Reputation: 31
The given syntax from https://github.com/scrapinghub/portia#running-a-portia-spider
portiacrawl PROJECT_PATH SPIDER_NAME
I tried running
portiacrawl D:/portia-master/slyd/data/projects/darkwoods example
portiacrawl slyd/data/projects/darkwoods example
portiacrawl slyd/data/projects/darkwoods
But they give me the same help message.
Usage: portiacrawl <project dir/project zip> [spider] [options]
Allow to easily run slybot spiders on console. If spider is not given, print a
list of available spiders inside the project
Options:
-h, --help show this help message and exit
--settings=SETTINGS Give specific settings module (must be on python path)
--logfile=LOGFILE Specify log file
-a NAME=VALUE Add spider arguments
-s NAME=VALUE Add extra scrapy settings
-o FILE, --output=FILE
dump scraped items into FILE (use - for stdout)
-t FORMAT, --output-format=FORMAT
format to use for dumping items with -o (default:
jsonlines)
-v, --verbose more verbose
I am very new to portia, so I am very confuse as to what to do.

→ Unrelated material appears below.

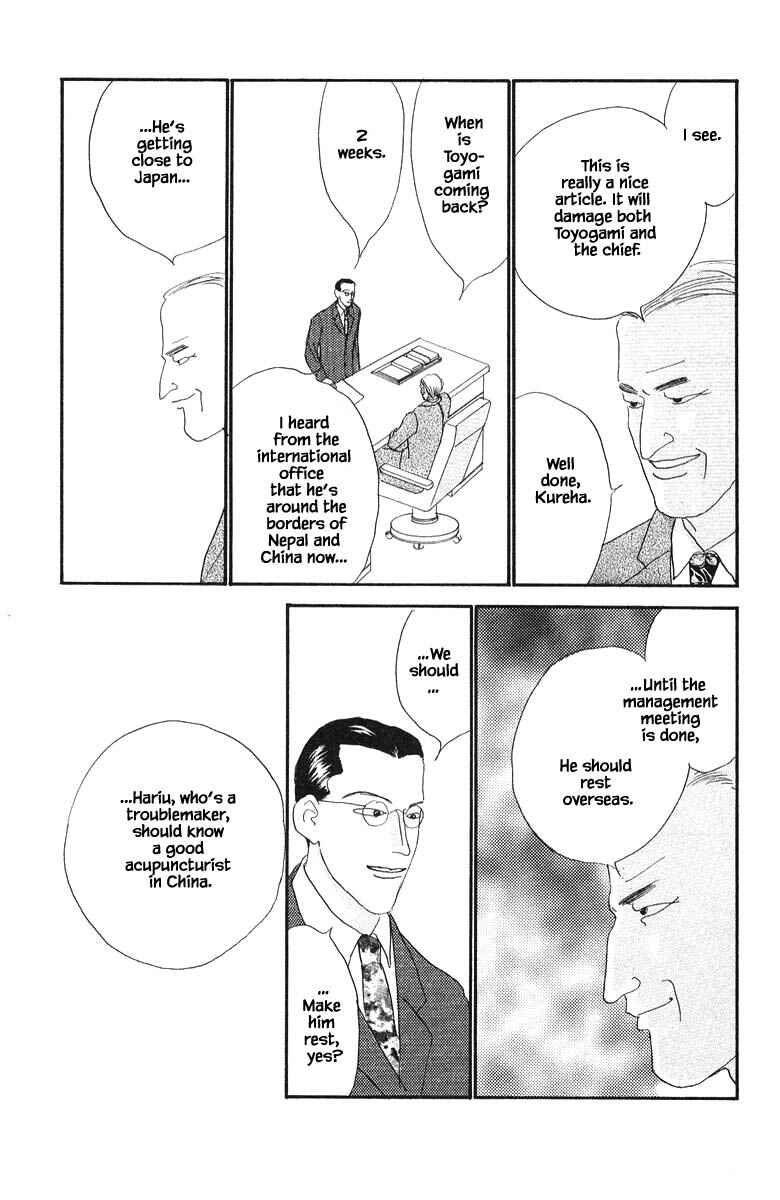 Page 17 Chapter 75 The Worlds Most Tender Music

Can anyone give me a sample of what should I write for the PROJECT_PATH? I am currently using portia via vagrant.
Upvotes: 1
Views: 2315
Reputation: 1
I have create portia-dashboard which you can find at github, a docker image is also avaliable at docker hub. With portia-dashboard, you can deploy a project, start a spider, or monitor job status by mouse click in a simple web interface. Refer to doc to get detail information on how to start a spider.
Upvotes: 0
Reputation: 133
You can use scrapyd to run the spider.
curl http://your_scrapyd_host:6800/schedule.json -d project=your_project_name -d spider=your_spider_name
This way you can also have a basic monitoring of the spider. I also found a quick and simple web interface that helps with deploying the spider once it's been deployed with scrapyd: https://gist.github.com/MihaiCraciun/78f0a53b7a99587d178b
Hope it helps !
Upvotes: 0
Reputation: 31
I forgot which question was it, but someone mentioned cd to the directory before using the command portiacrawl. After exploring vagrant for a while, I found the directory and its at /vagrant/slyd/data/projects.
So to run portiacrawl, you just have to cd to portia directory before doing portiacrawl
portiacrawl /vagrant/slyd/data/projects/[project name] [spider] [options]
I ran this command and it worked
portiacrawl /vagrant/slyd/data/projects/darkwoods example
Upvotes: 1